Massachusetts Institute of Technology
THE DEVELOPMENTAL ARC OF PARTICIPATION OF MASSIVE VOLUNTARY COLLABORATION
Kevin Crowston, Syracuse University
Monday April 23, 2007 4:00-5:30 pm
NE20, Room 336 Conference Room (3 Cambridge Center)
Slides from This Past Seminar are Available
An Audio Recording of this talk is now available (Requires Real Player 8.0+)

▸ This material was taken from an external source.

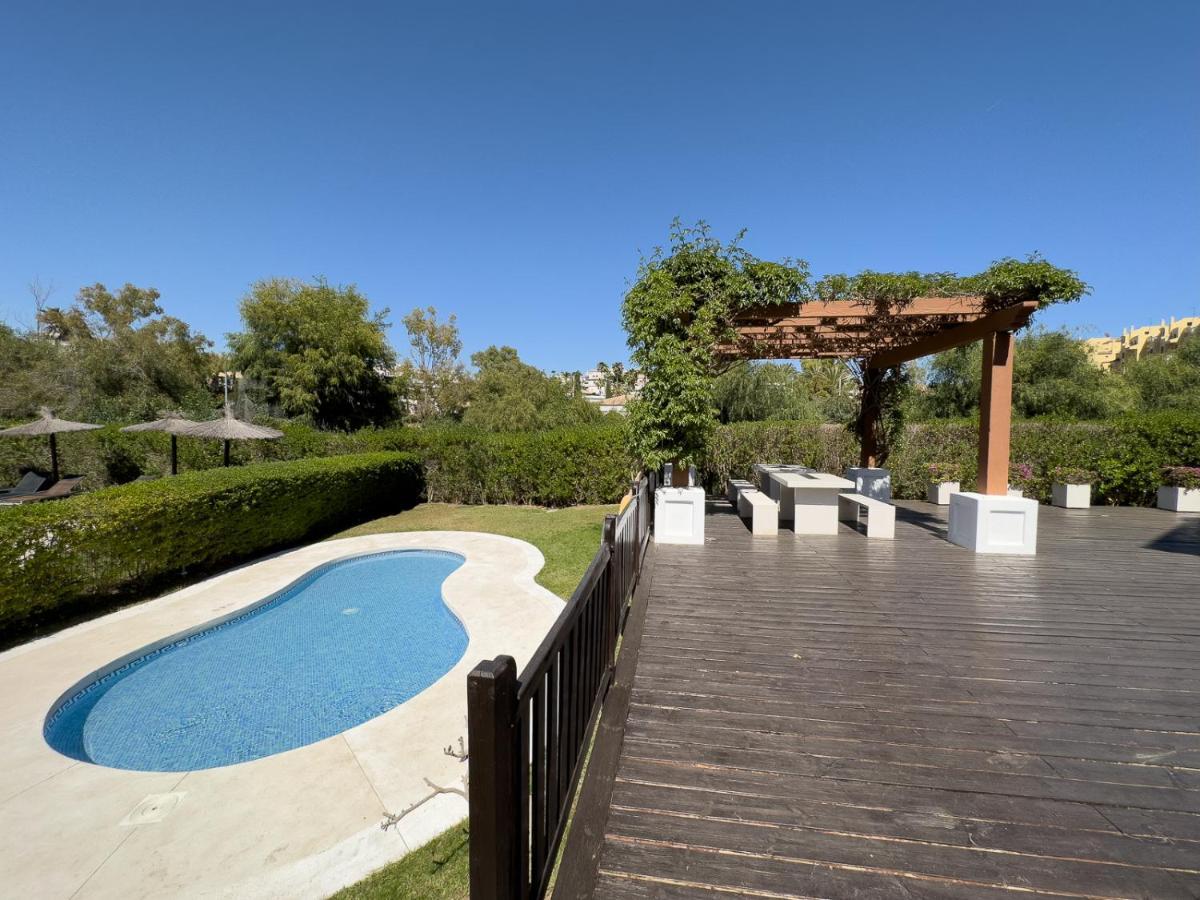 Penthouse In - Malaga Apartment Estepona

The Internet has facilitated the emergence of a new era of human collaboration. Trends in usage of open source software, web-logs (commonly called blogs), so called wikis (websites that allow contributors to add their own content), and user forums facilitate combinations of online community space, tools for creating information resources, and new modes of coordinated effort among contributors which we call massive voluntary collaboration (MVC). In my talk, I will describe a model to shed light on the developmental arc of participation in MVC. This model integrates four converging perspectives from the social movements, cooperation, voluntarism and Communities of Practice literatures. This model regards MVC as a developmental arc of participation in which contributors engage in activities to share knowledge and learn about specific topics of their choice. This integrated theory brings an important complement to existing models of collaboration and explains distributed voluntary cooperation.

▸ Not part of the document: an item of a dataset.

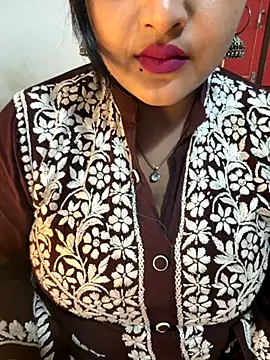 Ayesha mahi online show from November 22, 3:44 pm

Kevin Crowston is a Professor of Information Studies at the Syracuse University School of Information Studies. His current research interests focus on new ways of organizing made possible by the use of information technology. This work approaches the issue in several ways: empirical studies of coordination-intensive processes in human organizations (especially virtual organization); theoretical characterizations of coordination problems and alternative methods for managing them; and design and empirical evaluation of systems to support people working together.